For years, a normal differentiator between Hollywood products and local dishes, at least talking about advertising titles, has been the price of production. This is changing, with structures of foreign co-professionals, developing local markets and investing in foreign content, which means higher budgets for foreign language projects. The production load in many of these territories is also much smaller, a fact that large studios do lose.
“A dollar can happen a lot more in foreign countries than in Hollywood. You can make a $20 million movie that looks like a $100 million movie from America,” Pfeiffer says. “With those higher production values, those projects can travel.”

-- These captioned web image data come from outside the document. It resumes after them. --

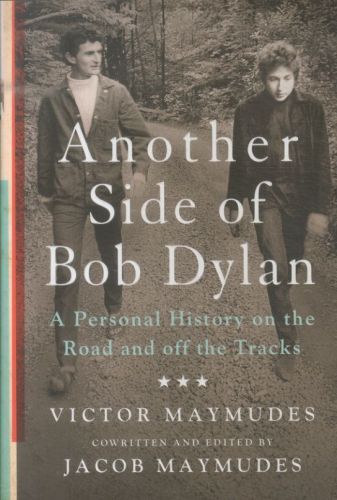 Another Side of Bob Dylan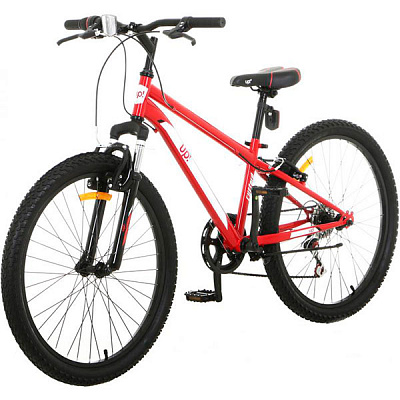 Велосипед UP! (Underprice) 12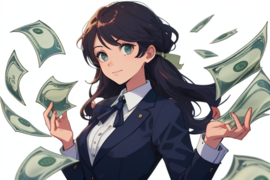 兼职平面设计怎么收费（平面设计一单收多少钱）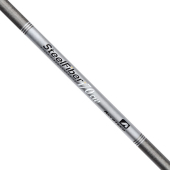 Aerotech SteelFiber FC90cw Taper Tip Iron Shafts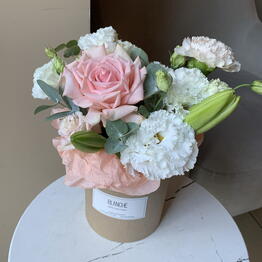 Blanche flowers на Композиторов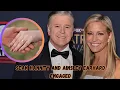 Fox News Stars Sean Hannity and Ainsley Earhardt Announce Engagement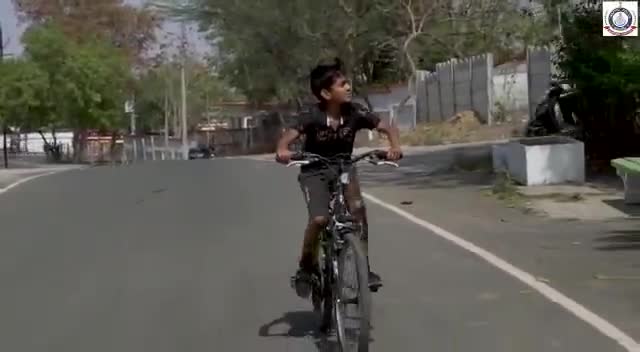 #18 -साल से कम उम्र अभिभावक #मोटरसाइकिल ना देवे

Executives say Globalgate is interested in expanding its network. Growth has recently been concentrated in Asia and Latin America, and Argentina is very likely to be one of the next centers where the company will have a partner.
As Hastings’ quotes show, Globalgate’s paintings are aligned with the direction the company is taking as a total. Specific transmitters are aiming for expansion in foreign markets as they achieve subscriber levels in their English-speaking territories, and the pandemic has accelerated this process.
While the United States is grappling with virus spikes, foreign markets have already returned to production in particular and some have even noticed that cinemas are effectively rebooting. Korea, for example, has already experienced two versions of the pandemic era that attract more than one million admissions (Peninsula and #Alive). “The foreign market is the voice of COVID’s disruption recovery,” Werber says.
For Globalgate, developing the industry’s confidence and appetite for foreign products can be smart for business. “The foreign market place is a much faster development market place than Hollywood,” says Pfeiffer.